Aim of the exercise:
In the records below, find the line containing "Thumbnail 3 in" and repeat it and every line after it exactly, without pictures.

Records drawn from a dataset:
- Opening Delimiter -

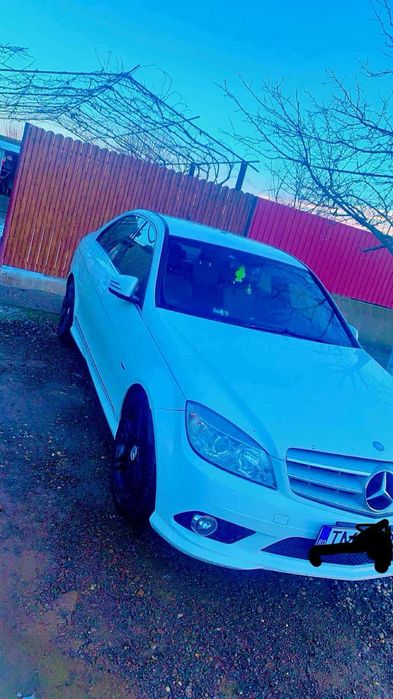 Vând  Mercedes c clas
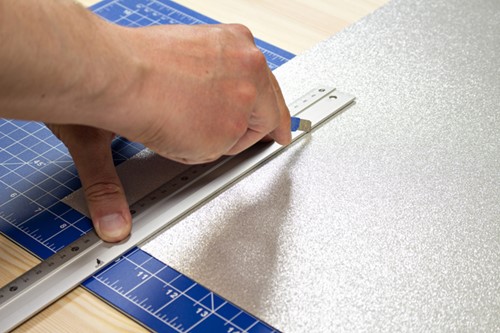 Snijmes Westcott office 9mm met schuifsluiting en metalen houder blauw-2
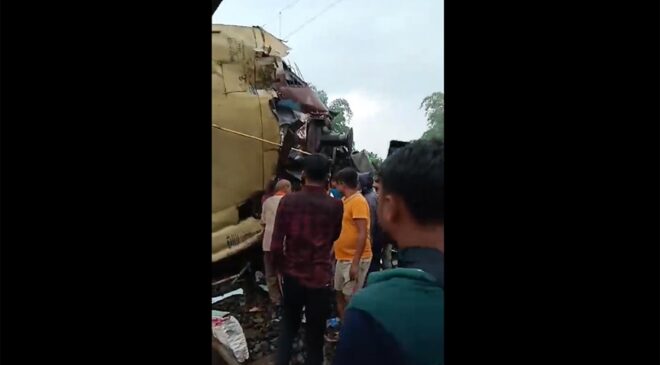Hindistan’da iki trenin çarpışması sonucu 8 kişi hayatını kaybetti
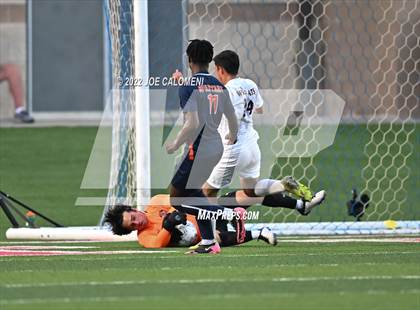 Thumbnail 3 in Plano vs Seven Lakes (UIL 6A Boys Soccer State Semifinal) photogallery.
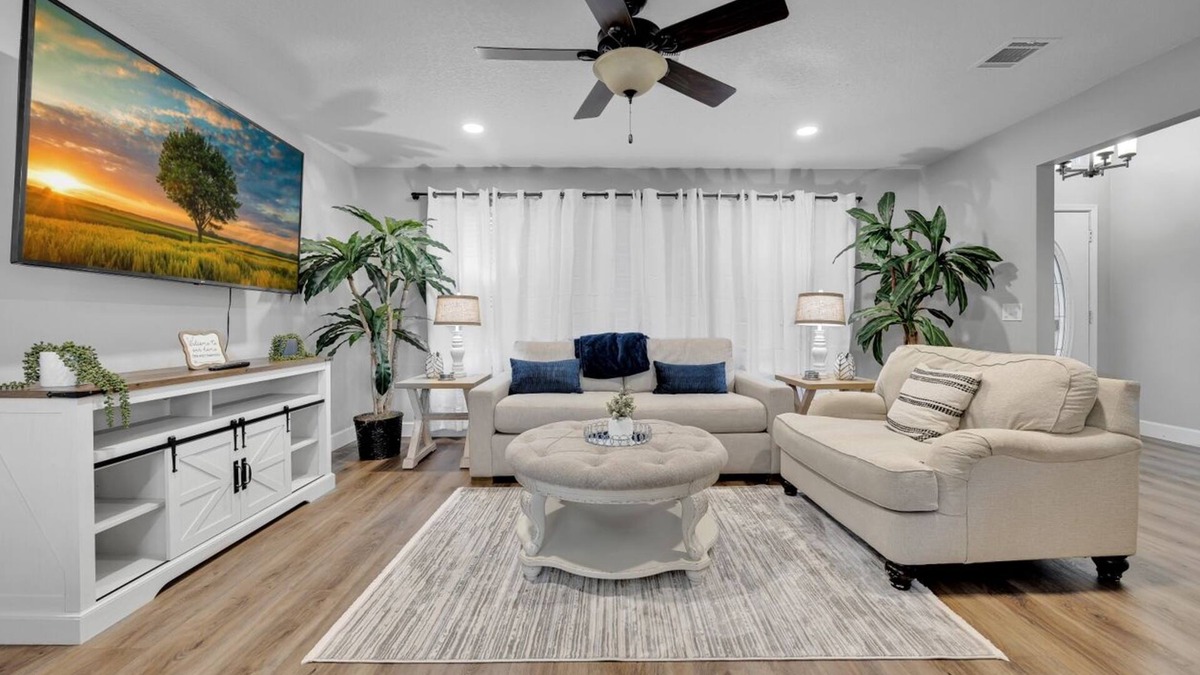 Golden Glades - The Woods House | Cozy Florida Getaway-4 bedroom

- Closing Delimiter -

Result of the exercise:
 Thumbnail 3 in Plano vs Seven Lakes (UIL 6A Boys Soccer State Semifinal) photogallery.
 Golden Glades - The Woods House | Cozy Florida Getaway-4 bedroom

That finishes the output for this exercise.